Grad Software Engineering Project 1
Due:
Feb 14th at 11:59pm
Summary:
You will get the chance to investigate an api, read documentation, write
a program and write tests for a program to get our initial creative juices
flowing.
Details:
Hacker News is one of a few
places on the web that is widely used by software and technical
professionals to get curated technical news. Furthermore every month there
is a thread that gets lots and lots of love (in the form of points) about
hiring. On the first of every month a topic is posted with the title
"Ask HN: Who is hiring?" There are usually about a thousand comments on
the topic, many are job postings, some are just comments. As Grad students
you will programmatically ask Hacker News for this data and then analyze
it using a program that is verified through the use of automated testing.
Nitty-gritty:
Write this program in either
- Java (target whatever version is on the university computers)
- or python (you can target any version of python 3.5+)
If you really really really want to use a different language, talk to me,
we'll see.
- write it to be cross platform on desktop machines, Java and Python
should do that anyway, but any external libraries need to work on linux
especially.
- I want to really point you at the hacker news API site - read it,
learn it understand it, The hacker
news API docs https://hn.algolia.com/api
- then read about parsing json
- feel free to only use the widely read topics on the first of each
month rather than the less well received specialized topics that show up
a couple of times a year.
- use one of the
jetbrains IDEs to do your work. We have them installed here at the
university and you can get the
full professional suite of tools for free as students so long as
you are only using them for student work
- look at data for the two year period starting Feb 2016 and ending Feb
2018.
- offer the user the following options:
- graph the change in job postings over that two year period
- graph the number of jobs that require onsite or remote work over the
period
- graph the number of jobs that ask for all of the "common"

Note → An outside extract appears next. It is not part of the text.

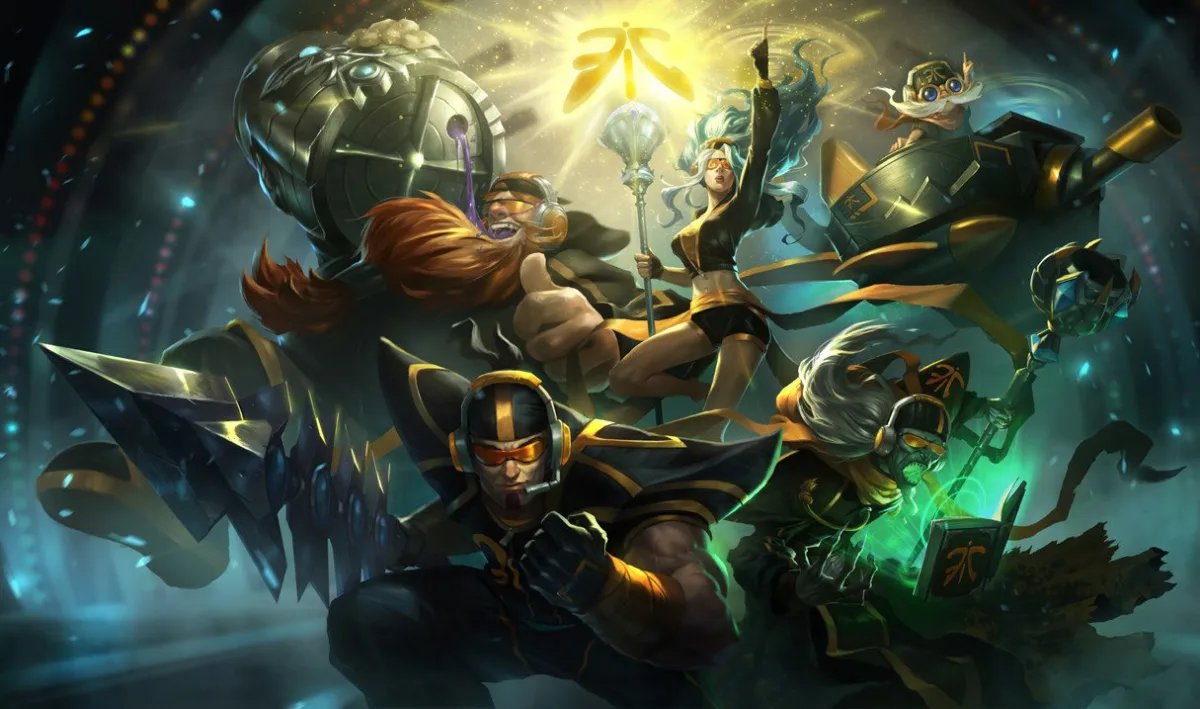 Fnatic Karthus in the lower-right foreground of the team splash, wearing orange goggles and a headset beside a green-glowing team-branded book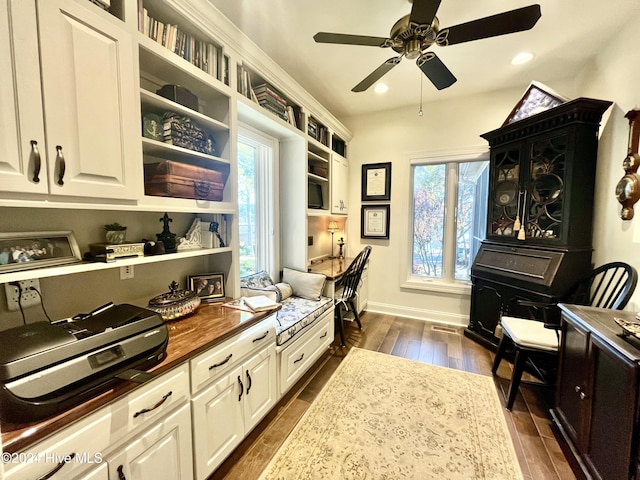 interior space with light stone counters, ceiling fan, dark wood-type flooring, and white cabinets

programming languages. (you can either use https://spectrum.ieee.org/static/interactive-the-top-programming-languages-2017
to determine what the common languages are or you can find the
most commonly mentioned language in the Hacker News posts and use
them. Graph the change in activity for the top ten 'common' languages
over the two year period.
- make sure your graph display is easy to install and works cross
platform.
Submission:
Zip your entire project directory and submit the whole thing on
blackboard.
Include in your zipped submission a file telling me how to run your
tests using junit/unittest/pytest which unit and functional tests show
your code to work and be error free.